The main reasons are expectations, leaking of internal details and efficiency.
Expectations: users expect numbers to be identical. It goes against common sense that x == y (for two integers) but not identical(x, y).
Leaking of internal details: the VM uses SMIs (SMall Integers) to represent integers in a specific range (31 bits on 32-bit machines, 63 on 64-bit machines). These are canonicalized and are always identical. Exposing this internal implementation detail would lead to inconsistent results depending on which platform you run.
Efficiency: the VM wants to unbox numbers wherever it can. For example, inside a method doubles are frequently moved into registers. However, keeping track of the original box can be cumbersome and difficult.
foo(x, y) {
var result = x;
while(y-- > 0) {
result += x;
}
return result;
}
Suppose, that the VM optimizes this function and moves result into a register (unboxing x in the process). This allows for a tight loop where result is then efficiently modified. The difficult case happens, when y is 0. The loop wouldn't execute and foo would return x directly. In other words, the following would need to be true:
var x = 5.0;
identical(x, foo(x, 0)); // should be true.
If the VM unboxed the result variable in the method foo it would need to allocate a fresh box for the result and the identical call would therefore return false.
By modifying the definition of identical all these problems are avoided. It comes with a small cost to the identical check, though.
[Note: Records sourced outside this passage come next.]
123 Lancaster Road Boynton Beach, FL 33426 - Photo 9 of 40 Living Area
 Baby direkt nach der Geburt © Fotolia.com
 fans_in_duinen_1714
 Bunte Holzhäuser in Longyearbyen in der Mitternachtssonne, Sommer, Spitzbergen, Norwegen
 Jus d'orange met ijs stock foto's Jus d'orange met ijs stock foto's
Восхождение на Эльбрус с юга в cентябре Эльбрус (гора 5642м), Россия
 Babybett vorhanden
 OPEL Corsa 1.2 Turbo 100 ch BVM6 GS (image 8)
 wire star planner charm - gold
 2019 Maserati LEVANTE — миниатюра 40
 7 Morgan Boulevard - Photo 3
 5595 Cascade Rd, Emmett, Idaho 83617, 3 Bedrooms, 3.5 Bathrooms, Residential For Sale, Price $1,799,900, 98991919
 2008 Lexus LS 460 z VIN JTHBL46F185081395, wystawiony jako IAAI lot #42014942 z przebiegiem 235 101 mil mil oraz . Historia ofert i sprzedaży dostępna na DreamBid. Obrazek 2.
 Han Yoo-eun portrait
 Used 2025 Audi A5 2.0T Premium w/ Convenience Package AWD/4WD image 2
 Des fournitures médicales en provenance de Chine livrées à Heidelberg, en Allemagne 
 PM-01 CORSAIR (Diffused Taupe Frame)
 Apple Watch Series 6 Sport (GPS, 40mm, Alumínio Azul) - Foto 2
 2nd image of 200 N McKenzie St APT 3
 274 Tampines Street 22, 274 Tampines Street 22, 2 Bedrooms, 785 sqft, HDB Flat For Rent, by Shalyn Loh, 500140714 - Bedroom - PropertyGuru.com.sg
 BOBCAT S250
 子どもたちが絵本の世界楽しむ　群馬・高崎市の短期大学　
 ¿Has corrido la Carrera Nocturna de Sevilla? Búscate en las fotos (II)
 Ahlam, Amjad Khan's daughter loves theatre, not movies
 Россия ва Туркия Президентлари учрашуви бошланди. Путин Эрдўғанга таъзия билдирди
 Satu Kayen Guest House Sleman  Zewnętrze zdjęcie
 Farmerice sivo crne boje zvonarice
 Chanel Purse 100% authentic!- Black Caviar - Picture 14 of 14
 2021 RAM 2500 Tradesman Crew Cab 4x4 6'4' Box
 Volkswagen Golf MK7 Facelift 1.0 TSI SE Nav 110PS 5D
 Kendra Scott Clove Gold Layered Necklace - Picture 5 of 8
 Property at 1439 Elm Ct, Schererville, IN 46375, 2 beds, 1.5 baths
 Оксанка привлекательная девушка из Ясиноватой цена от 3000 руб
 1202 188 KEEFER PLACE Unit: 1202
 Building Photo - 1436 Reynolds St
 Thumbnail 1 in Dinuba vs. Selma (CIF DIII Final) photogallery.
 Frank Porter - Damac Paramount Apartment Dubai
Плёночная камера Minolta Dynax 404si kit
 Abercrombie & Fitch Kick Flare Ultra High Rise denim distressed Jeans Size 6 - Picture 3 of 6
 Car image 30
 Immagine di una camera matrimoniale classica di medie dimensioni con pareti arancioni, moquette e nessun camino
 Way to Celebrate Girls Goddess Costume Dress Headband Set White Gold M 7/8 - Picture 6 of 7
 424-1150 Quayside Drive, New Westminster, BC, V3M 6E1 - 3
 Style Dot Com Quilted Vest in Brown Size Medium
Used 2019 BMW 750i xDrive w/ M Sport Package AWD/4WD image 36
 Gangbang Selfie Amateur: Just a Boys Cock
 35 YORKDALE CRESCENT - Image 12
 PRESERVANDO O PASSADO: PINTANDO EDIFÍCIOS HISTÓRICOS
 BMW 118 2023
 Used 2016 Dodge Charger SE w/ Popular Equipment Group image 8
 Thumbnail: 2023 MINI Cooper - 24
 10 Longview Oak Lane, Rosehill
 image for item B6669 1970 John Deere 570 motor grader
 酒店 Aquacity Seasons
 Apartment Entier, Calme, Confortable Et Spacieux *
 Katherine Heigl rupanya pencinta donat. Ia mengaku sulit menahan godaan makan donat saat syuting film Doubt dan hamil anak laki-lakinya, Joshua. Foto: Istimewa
Seems like I posted too quickly. I just stumbled on Dart Issue 13084: Spec says identical(1.0, 1) is true, even if they have different types which led me to the Dart section on Object Identity of the language spec. (I had previously search for equality in the spec but not object identity.)
Here is an excerpt:
The predefined dart function identical() is defined such that identical(c1, c2) iff:
- c1 evaluates to either null or an instance of
bool and c1 == c2, OR
- c1 and c2 are instances of int and c1 == c2, OR
- c1 and c2 are constant strings and c1 == c2, OR
- c1 and c2 are instances of double and one of the following holds: ...
and there are more clauses dealing with lists, maps and constant objects. See the language spec for the full details. Hence, identical() is much more than just a simple test for reference equality.

I can't remember the source for this, but somewhere on dartlang.org or the issue tracker it was said that num, int and double are indeed getting special treatment. One of those special treatments is that you can't subclass those types for performance reasons, but there may be more. What exactly this special treatment entails can probably only be answered by the developers, or maybe someone who knows the specification by heart, but one thing can be inferred:
The numeric types are dart objects - they have methods you can call on their instances. But they also have qualities of primitive data types, as you can do int i = 3;, while a pure object should have a new keyword somewhere. This is different from Java, where there are real primitive types and real objects wrapping them and exposing instance methods.
While the technical details certainly are more complex, if you think about dart numerics as a blend of object and primitive, your comparison to Java still makes sense. In Java, new Integer(5).equals(new Integer(5)) evaluates to true, and so does 5==5.
I am aware this is not a very technically correct answer, but I hope it's still useful to make sense of the behaviour of dart numerics when coming from a Java background.

Related

Equal objects with different identity?

Is it possible in Rascal to create clones of an object with different identity so that they are equal but not identical?
No, Rascal has value semantics.
data X = x();
bool alwaysTrue = x() == x();
Even using closures, functions as data, you can not construct two distinguishable instances a and b which will still return true on a == b. The reason is that closures are never considered equal unless you have an alias pointing to the same instance.
There is also no clone operation or anything like that. There are just expressions and their result is isomorphic to the expression tree that created them.
Semantically Rascal does not guarantee that all values on the heap are actually shared or that they are just indistinguishable, so the memory optimisation perspective is left entirely to the run-time implementation.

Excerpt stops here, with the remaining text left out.